George Mackay Brown


1921 - 1996

Poet and novelist. Brown was born at Stromness on the mainland of Orkney, the son of a postman. Beginning as a journalist for the Orkney Herald, he suffered from tuberculosis, which interrupted his studies at Newbattle Abbey College, where he had been attracted by Edwin Muir (1887 - 1959), and the University of Edinburgh, where he researched the work of poet Gerard Manley Hopkins.

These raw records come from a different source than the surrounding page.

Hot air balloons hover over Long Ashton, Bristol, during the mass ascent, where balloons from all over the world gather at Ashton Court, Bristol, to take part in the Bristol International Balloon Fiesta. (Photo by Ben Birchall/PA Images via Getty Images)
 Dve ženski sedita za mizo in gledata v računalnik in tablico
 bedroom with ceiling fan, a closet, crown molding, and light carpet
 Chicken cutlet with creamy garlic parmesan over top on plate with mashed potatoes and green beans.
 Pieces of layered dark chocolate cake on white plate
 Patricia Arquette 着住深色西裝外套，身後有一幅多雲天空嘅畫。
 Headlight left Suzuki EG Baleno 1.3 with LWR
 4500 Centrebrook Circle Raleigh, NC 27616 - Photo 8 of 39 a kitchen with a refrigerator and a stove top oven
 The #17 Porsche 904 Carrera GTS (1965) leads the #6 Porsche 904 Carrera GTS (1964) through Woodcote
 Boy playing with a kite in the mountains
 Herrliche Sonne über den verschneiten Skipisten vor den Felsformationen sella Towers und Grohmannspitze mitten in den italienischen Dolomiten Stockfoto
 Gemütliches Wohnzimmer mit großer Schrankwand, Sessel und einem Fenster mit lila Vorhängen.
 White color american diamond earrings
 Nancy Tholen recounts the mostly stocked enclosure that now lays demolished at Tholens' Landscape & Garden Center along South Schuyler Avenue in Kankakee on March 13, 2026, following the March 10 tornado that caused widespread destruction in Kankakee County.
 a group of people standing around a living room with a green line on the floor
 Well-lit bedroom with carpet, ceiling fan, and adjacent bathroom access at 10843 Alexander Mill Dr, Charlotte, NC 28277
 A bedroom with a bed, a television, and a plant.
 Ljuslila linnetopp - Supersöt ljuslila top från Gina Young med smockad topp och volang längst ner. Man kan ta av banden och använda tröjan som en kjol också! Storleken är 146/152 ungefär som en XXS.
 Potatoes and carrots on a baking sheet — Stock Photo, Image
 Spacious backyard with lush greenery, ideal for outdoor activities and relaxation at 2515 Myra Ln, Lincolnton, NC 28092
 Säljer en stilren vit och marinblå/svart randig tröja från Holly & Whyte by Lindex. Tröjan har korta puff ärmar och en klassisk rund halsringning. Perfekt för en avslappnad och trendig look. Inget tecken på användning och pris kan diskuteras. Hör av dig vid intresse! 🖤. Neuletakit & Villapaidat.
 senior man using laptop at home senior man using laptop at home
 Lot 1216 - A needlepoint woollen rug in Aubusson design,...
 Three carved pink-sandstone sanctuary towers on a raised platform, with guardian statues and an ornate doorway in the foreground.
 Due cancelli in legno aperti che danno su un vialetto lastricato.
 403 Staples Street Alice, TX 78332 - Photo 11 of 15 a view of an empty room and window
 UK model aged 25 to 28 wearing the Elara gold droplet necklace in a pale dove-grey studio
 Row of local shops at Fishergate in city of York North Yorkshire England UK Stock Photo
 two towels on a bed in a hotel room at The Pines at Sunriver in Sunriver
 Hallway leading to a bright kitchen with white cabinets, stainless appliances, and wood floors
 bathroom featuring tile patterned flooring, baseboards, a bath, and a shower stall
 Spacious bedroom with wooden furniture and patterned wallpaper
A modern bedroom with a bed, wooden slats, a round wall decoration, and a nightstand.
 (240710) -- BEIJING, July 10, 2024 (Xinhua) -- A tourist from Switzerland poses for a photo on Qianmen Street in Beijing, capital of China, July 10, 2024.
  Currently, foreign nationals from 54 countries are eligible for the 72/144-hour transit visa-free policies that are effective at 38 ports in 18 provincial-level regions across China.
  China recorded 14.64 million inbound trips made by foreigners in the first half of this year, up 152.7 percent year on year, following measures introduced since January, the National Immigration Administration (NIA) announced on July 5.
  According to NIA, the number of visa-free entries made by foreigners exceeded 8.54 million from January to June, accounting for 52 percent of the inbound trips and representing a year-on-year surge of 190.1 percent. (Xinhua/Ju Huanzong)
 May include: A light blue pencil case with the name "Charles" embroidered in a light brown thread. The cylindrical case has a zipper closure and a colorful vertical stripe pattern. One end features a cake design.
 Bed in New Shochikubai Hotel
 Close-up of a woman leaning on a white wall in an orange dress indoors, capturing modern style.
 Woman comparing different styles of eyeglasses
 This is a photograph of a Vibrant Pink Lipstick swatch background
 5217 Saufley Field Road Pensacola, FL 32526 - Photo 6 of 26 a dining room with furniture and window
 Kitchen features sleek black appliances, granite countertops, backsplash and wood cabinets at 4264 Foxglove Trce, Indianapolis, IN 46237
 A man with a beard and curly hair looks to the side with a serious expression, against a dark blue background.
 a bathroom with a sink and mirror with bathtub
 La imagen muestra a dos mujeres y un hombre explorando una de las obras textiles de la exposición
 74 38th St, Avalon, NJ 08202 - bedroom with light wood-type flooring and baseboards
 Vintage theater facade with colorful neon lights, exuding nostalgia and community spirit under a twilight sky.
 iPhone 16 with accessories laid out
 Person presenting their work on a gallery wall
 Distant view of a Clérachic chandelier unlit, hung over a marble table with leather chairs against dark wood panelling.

A prolific writer who published almost 50 works during his lifetime, his first novel was The Storm (1954). Others include A Time to Keep (1969), which won the Scottish Arts Council Literature Prize, Greenvoe (1972), Magnus (1973) and The Six Lives of Fankle the Cat (1980), together with his autobiography For the Islands I Sing, published posthumously in 1997. His novels, poems and short stories draw on his experiences in Orkney, where he lived and died.

Brown became a close friend of composer Peter Maxwell Davies (1934 - 2016) and the two worked together on several projects. In recognition of his literary talents, he received an OBE in 1974, and was awarded honorary degrees by the Open University (1976), the University of Dundee (1977) and the University of Glasgow (1985). He was made a Fellow of the Royal Society of Arts in 1977, awarded the James Tait Black Memorial Prize for The Golden Bird (1987), and shortlisted for the Booker Prize for Beside the Ocean of Time (1996), which was also named the Scottish Book of the Year by the Saltire Society.

He lies buried in Warbeth Cemetery, overlooking Hoy Sound, following a funeral at St. Magnus' Cathedral in Kirkwall. His archive is held by the National Library of Scotland.